Arquivo REDERPG: Como transformar números em um personagem (parte I)

Como transformar números em um personagem foi um artigo em três partes de Scott Holden-Jones, que Claudio Pozas conseguiu para a REDERPG a autorização da Fiery Dragon para traduzirmos. Confiram a seguir a primeira parte do artigo (1.838 leituras), traduzido pelo Tzimisce e publicado no antigo portal em 3 de setembro de 2003.


 

Claudio Pozas conseguiu para a REDE RPG a autorização da Fiery Dragon para traduzirmos o artigo em três partes de Scott Holden-Jones, “Como transformar números em um personagem”. Leia agora a primeira parte do artigo, traduzido pelo Tzimisce.

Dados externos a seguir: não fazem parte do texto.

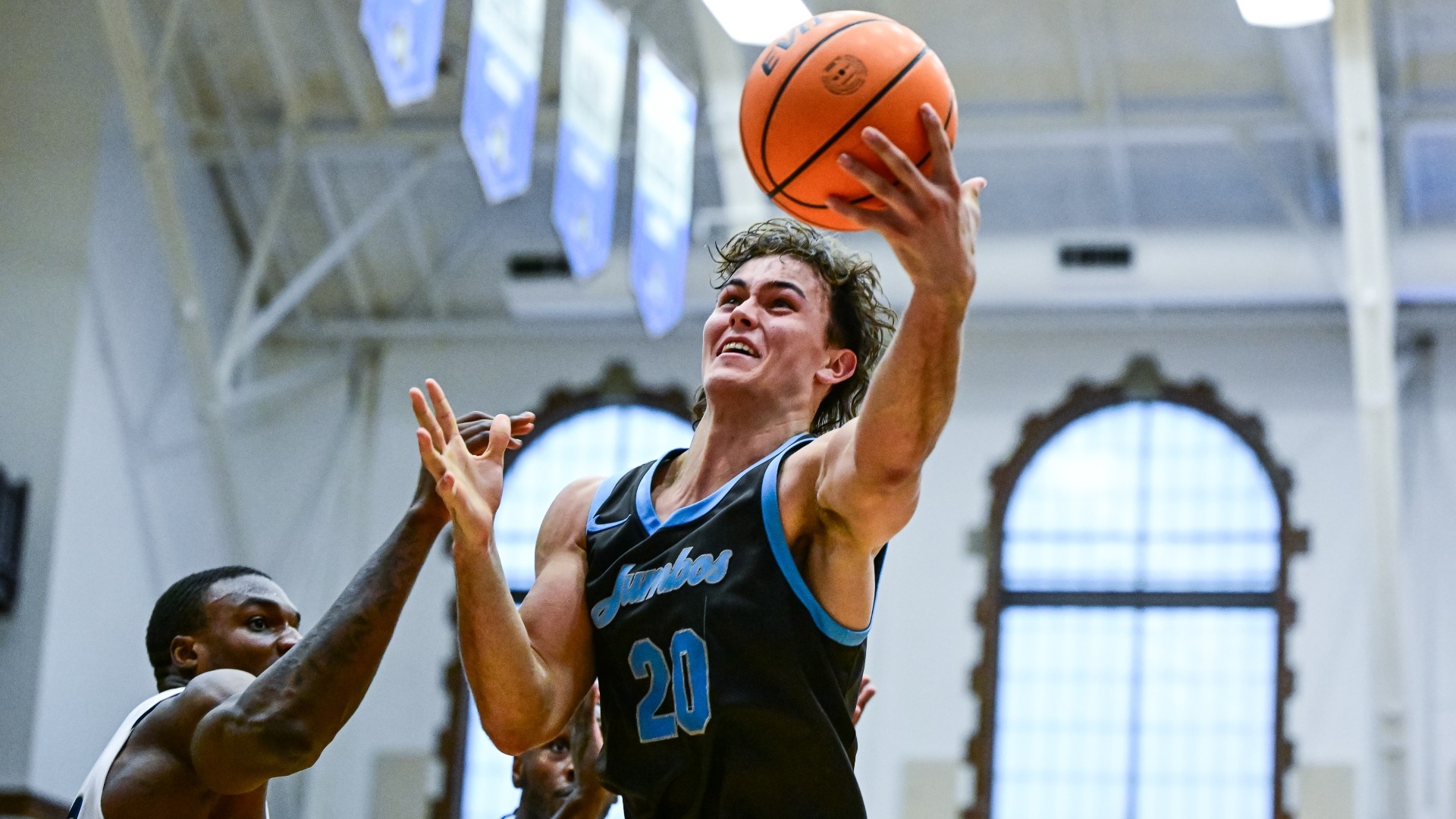Scott Gyimesi drives to the basket against Connecticut College.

Como transformar números em um personagem I

Rolando Dados e Personagens

A primeira vista, especialmente para um novo jogador novo ou leitor casual, D&D 3ª ed parece ser principalmente a respeito de números. Minha esposa está convencida de que o pouco que eu faço no meu trabalho de edição se resume basicamente a equilibrar números e estatísticas de PdMs. Mesmo entre jogadores veteranos essa percepção é comum. Note que essa concepção (errônea) é fácil de entender: antigas edições do jogo careciam de regras compreensivas para ajustar perícias, se apoiando em tabelas quase místicas de estatísticas ou TAC0 ao invés de simples bônus e CDs para determinar o sucesso ou falha dos ataques, testes de resistência e demais ações. A última encarnação do jogo parece também interessada em encontrar meios para quantificar tudo. “D&D está virando Rolemaster,” me disse um amigo um ano atrás.

Isso não quer dizer que eu acho que o 3ª ed não é um bom sistema. Eu realmente acredito que ele é um grande sistema. No entanto, o que freqüentemente parece estar faltando na 3º Edição, eu temo, é o fato de que todos esses números estão aí apenas para nos prover com maneiras para criar personagens realmente únicos e interessantes. Muitas vezes já ouvi ou li a respeito de algum “combo de talentos matador” de algum personagem, ou sobre como o arqueiro de algum jogador “pode detonar aquele seu guerreiro tanque” (“Uh, ‘tanque’? Miniaturas de WWI ficam no final corredor, filho, terceira porta à esquerda”). É raro ouvir pessoas falando a respeito da partida onde tiveram uma fascinante conversa com a Rainha das Fadas ou quando se deram bem numa barganha com um invencível dragão (ao invés de simplesmente trocarem dados de dano). Será que eu estou – talvez só um pouco – vivendo no passado?

Não, droga!

Números são úteis e divertidos, mas somente se usados de maneira correta. Caso contrário, eles simplesmente ficam no caminho de uma boa interpretação, em outras palavras, no caminho do personagem.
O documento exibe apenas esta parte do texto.